Trial Summary  

Study Design: Multi-centre randomised, controlled, open-label, phase IIa trial of rosuvastatin in children with cystic fibrosis throughout a clinically-indicated course of treatment with an IV aminoglycoside.

Population: Children with cystic fibrosis aged 10 to 18 years receiving clinically indicated treatment with intravenous aminoglycoside, and who fulfil the inclusion criteria.

Criteria for Inclusion:

1.       Age 10 to 18 years inclusive.

2.       Diagnosis of cystic fibrosis (established by sweat test or genotype).

3.       Planned, clinically indicated, course of treatment with IV tobramycin.

4.       Ability to give informed consent.

5.       Willingness to comply with all study requirements.

6.       Able to take tablets

  Criteria for Exclusion:

1.       Existing treatment with a statin.

2.       Previous adverse reaction to a statin.

3.    Co-enrolment in other drug trials*, or completion of a previous CTIMP within the last 30 days.

4.     Previous randomisation in the PROteKT trial.

5.    Patients taking any of the following medications: Ciclosporin, Protease Inhibitors, Fibrates, Ezetimibe, Erythromycin (but not other macrolides), Eltrombopag, Dronedarone, Itraconazole, Coumarins, Oral contraceptives, nicotinic acid, fusidic acid and Simepravir.

6.       Female participants  who are pregnant or lactating or refuse a pregnancy test if of childbearing potential (female participants of childbearing potential must use a barrier  method of contraception if sexually active whilst taking rosuvastatin and for 7 days afterwards).

7.   Patients of Asian ancestry (Japanese, Chinese, Filipino, Vietnamese, Korean and Indian).

8.       Patients with renal disease (eGFR<60ml/min/1.73m², using the Schwartz formula, in the 6 months preceding screening).

9.       Patients with current elevation in transaminases exceeding 3x the upper limit of normal.

10.       Family history, or personal history of hereditary muscular disorders.

11.   Patients with myopathy.

12.   Patients with a history of, or active alcohol abuse.

13.   Patients with hypothyroidism.

14.   Patients with galactose intolerance, the Lapp lactase deficiency, or glucose-galactose malabsorption.

15.   Patients who are Hepatitis C positive or HIV-Positive

  *Patients who are currently taking part in TORPEDO-CF are allowed take part in PROteKT as long as their date of randomisation into TORPEDO-CF is not within the previous six months.
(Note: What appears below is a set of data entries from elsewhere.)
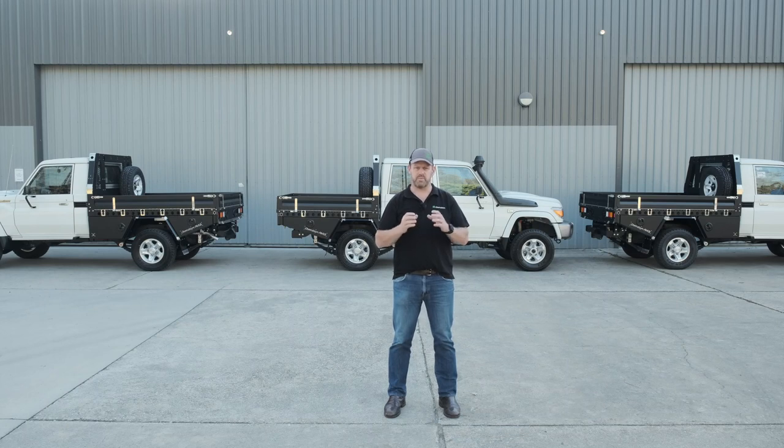Andrew here from Chameleon AMLS and we're back for another product walk around. Today we've got three fantastic looking Land Cruiser 79 series — two single cabs and a dual cab. Let's go and have a closer look.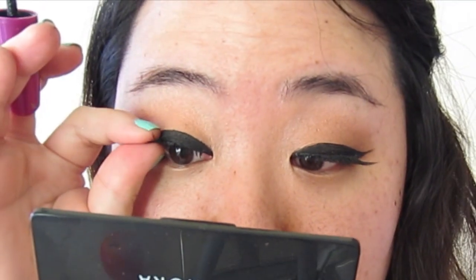Next, apply mascara. While your mascara is still wet, pinch your lashes together. This helps blend your real lashes and false lashes together.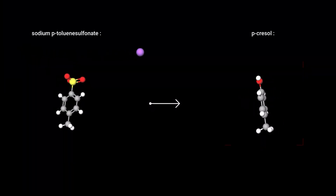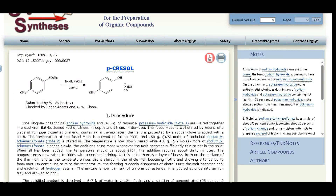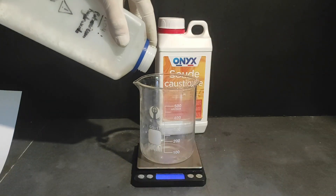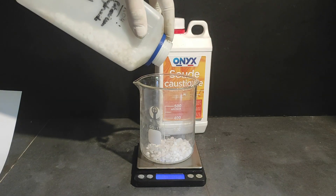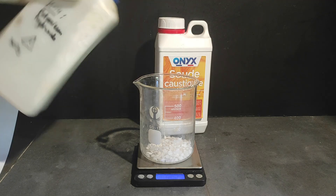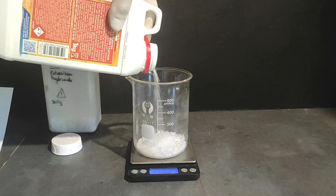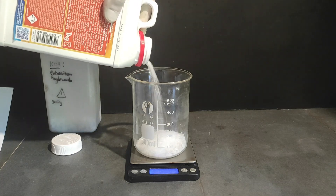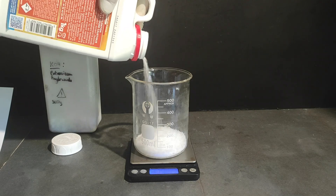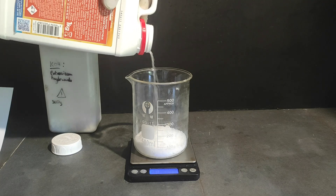Now that we have our sodium para-toluenesulfonate, we can actually start to make the para-cresol. To do so, we will follow this procedure from the Organic Syntheses website. I first measure 40g of potassium hydroxide in the beaker, and then 100g of sodium hydroxide. If you are wondering why we don't just use sodium hydroxide even though it's cheaper — the main reason is that if you only use sodium hydroxide, the reaction will straight up not work, because the sodium para-toluenesulfonate won't dissolve at all in it. So you need at the very least 23% potassium hydroxide according to the paper.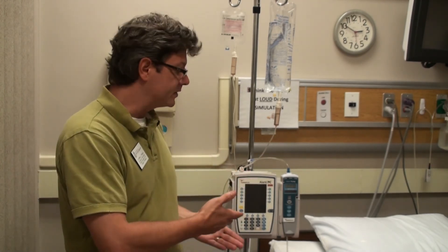This is the Alaris pump — you'll be using a lot of it. Please feel free to come in at any time, ask us for help, get your hands on it, and learn how to use it. That way you won't be frustrated when you get into a scenario trying to figure out how to operate the pump.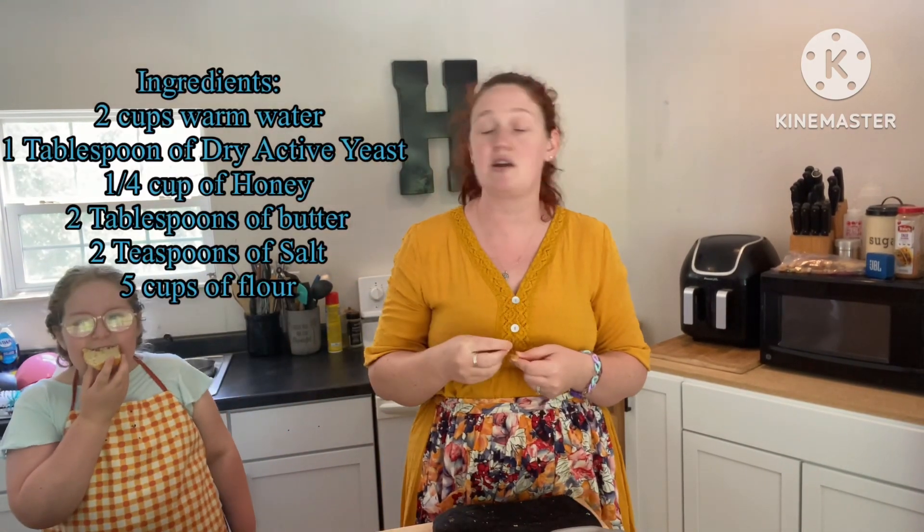Hi guys, welcome back! Today we are going to make my homemade bread. This is what it looks like sliced — we use this for sandwiches, soups, just to eat. We've already eaten half this loaf already, but I'll put the ingredients list here that you need.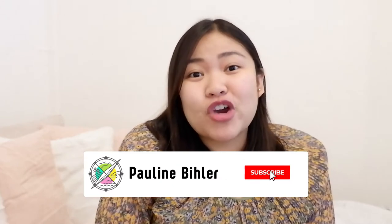Hi everyone, welcome back to my channel. If you're new here, hello, I'm Pauline. I upload bag videos or traveling videos on my channel. I try to interchange both of them so it's not too boring. If you're interested in handbags and traveling, please subscribe to my channel.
  Study Centres and Distribution: Paediatric cystic fibrosis centres in the UK

  Study Duration: 24 months

  Description of Agent/ Intervention: Oral rosuvastatin 10mg once daily.

  Number of participants to be enrolled: Up to 50 participants will be enrolled to account for loss to follow-up. A minimum of 20 participants in each arm of the study is required.

  Primary Objective: This trial will evaluate the effect of rosuvastatin on aminoglycoside-induced nephrotoxicity. This will be assessed using the difference in mean fold-change in urinary KIM-1 from baseline to peak concentration during exposure to aminoglycoside between the rosuvastatin treated arm and control arm.

  Secondary Objective/s:

  1. Change in serum concentration of creatinine and eGFR during tobramycin exposure between rosuvastatin treated arm and the control arm.
  2. Change in other urinary and plasma biomarkers of renal injury during tobramycin exposure between rosuvastatin treated arm and the control arm.
  3. Difference in serious adverse events between rosuvastatin treated arm and the control arm.
  4. Difference in tobramycin concentrations between rosuvastatin treated arm and the control arm to identify any pharmacokinetic interaction between rosuvastatin and the tobramycin.
  5. Difference in Forced Expiratory Volume in 1 second (FEV1) and C-Reactive Protein, between rosuvastatin treated arm and the control arm to identify any pharmacodynamics interaction between rosuvastatin and the tobramycin.
  6. Assessment of plasma rosuvastatin concentrations achieved in children randomised to the intervention arm.
  7. Difference in biomarkers of Pseudomonas aeruginosa between rosuvastatin treated arm and the control arm.
  8. Assess the feasibility of collecting DNA for a molecular genetic study of aminoglycoside-induced nephrotoxicity.